**About this task:**
Give back exactly the lines from the start of the entries below to the line holding "Book Lover Reading", that line included, and leave every picture out.

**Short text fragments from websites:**
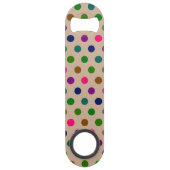 Fles Open Polka Dots Speed Flessenopener (Achterkant)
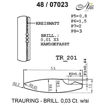 Skisse av gifteringer i hvitt gull 9 kt, 5.5 mm. Smart line - 248070230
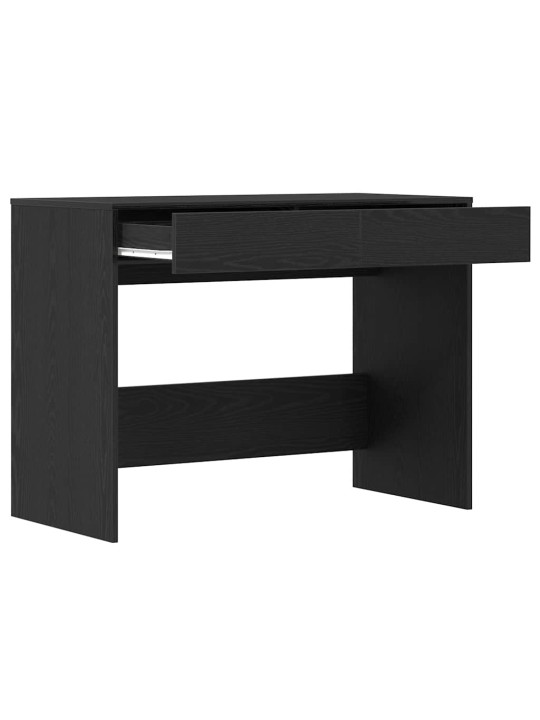 Työpöytä musta tammi 101x50x76,5 cm tekninen puu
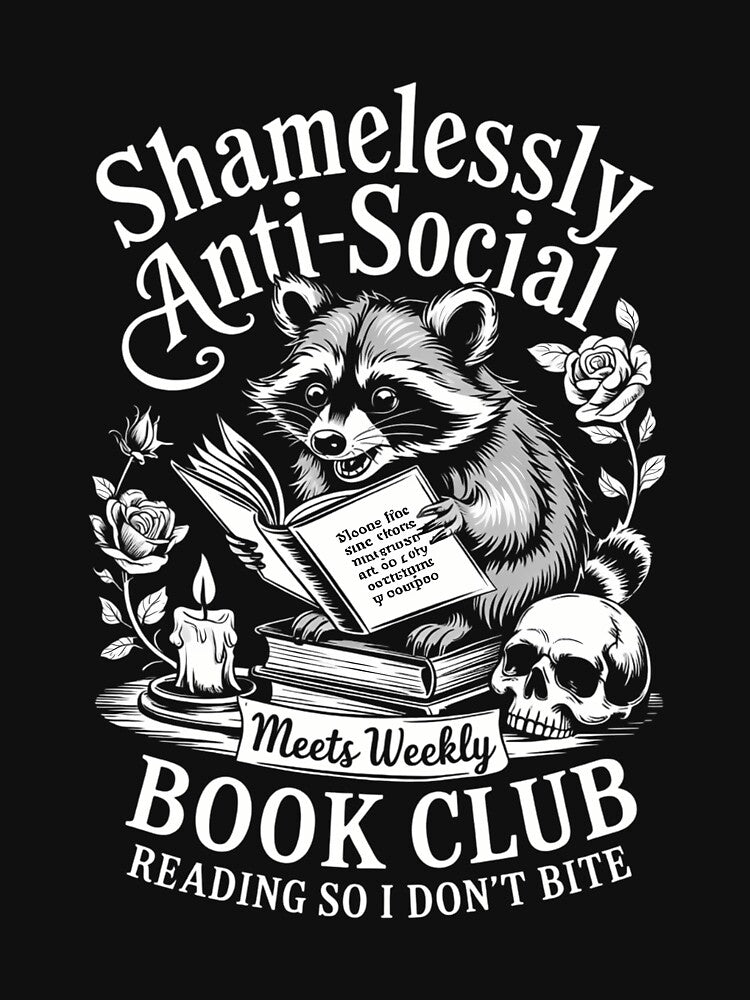 Book Lover Reading Bookish Anti-Social by DoorwayThreads T-Shirts, Hoodie, Sweatshirt | BlankRebels.com (Image 3)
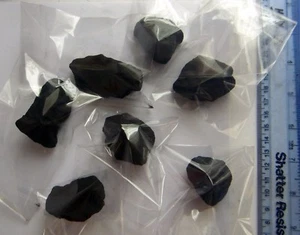 SHUNGITE UNPOLISHED ONE CRYSTAL EMF protection healing 30mm - Picture 1 of 2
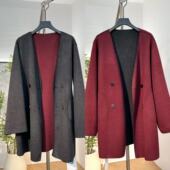 WS441 衣长79 老板娘美林&巨轻巨软巨糯&两面穿&可机洗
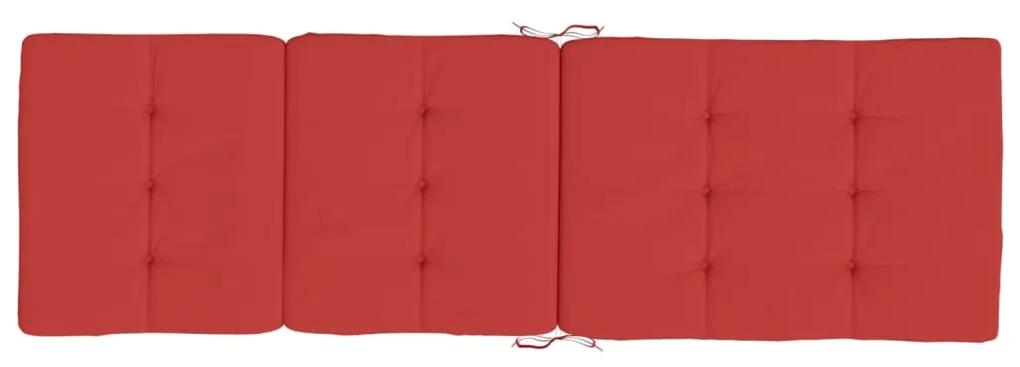 vidaXL Μαξιλάρια Ξαπλώστρας 2 τεμ. Κόκκινα από Ύφασμα Oxford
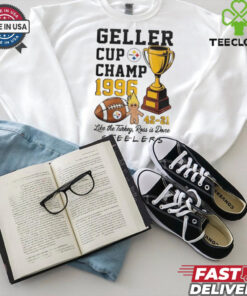 Official Pittsburgh Steelers Geller Cup Champ 1996 Like The Turkey, Ross Is Done Shirt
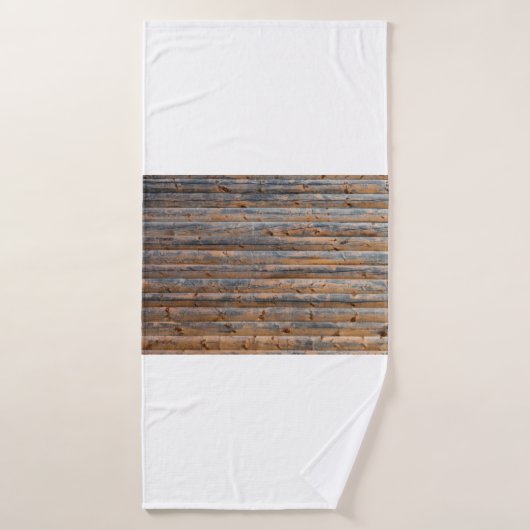 木製の板の古い壁の亀裂。ビーム作成 バスタオル (バスタオル)
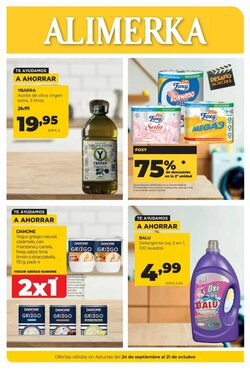 Folleto promocional de Alimerka válido desde el 24/09/2026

**Answer box:**
 Fles Open Polka Dots Speed Flessenopener (Achterkant)
 Skisse av gifteringer i hvitt gull 9 kt, 5.5 mm. Smart line - 248070230
 Työpöytä musta tammi 101x50x76,5 cm tekninen puu
 Book Lover Reading Bookish Anti-Social by DoorwayThreads T-Shirts, Hoodie, Sweatshirt | BlankRebels.com (Image 3)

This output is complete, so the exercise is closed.